• **Your goal**
Each line from the one with "New Build - ground-floor" through the last line of the records must be output exactly, both ends included.
▬▬▬▬▬▬
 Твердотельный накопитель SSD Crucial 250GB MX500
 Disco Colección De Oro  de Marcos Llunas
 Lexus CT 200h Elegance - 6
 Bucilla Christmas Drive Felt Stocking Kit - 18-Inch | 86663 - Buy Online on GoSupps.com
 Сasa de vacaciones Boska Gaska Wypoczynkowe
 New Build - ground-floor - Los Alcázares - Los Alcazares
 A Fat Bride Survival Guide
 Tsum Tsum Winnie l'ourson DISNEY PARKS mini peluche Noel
▬▬▬▬▬▬
• **Response for this exercise**
 New Build - ground-floor - Los Alcázares - Los Alcazares
 A Fat Bride Survival Guide
 Tsum Tsum Winnie l'ourson DISNEY PARKS mini peluche Noel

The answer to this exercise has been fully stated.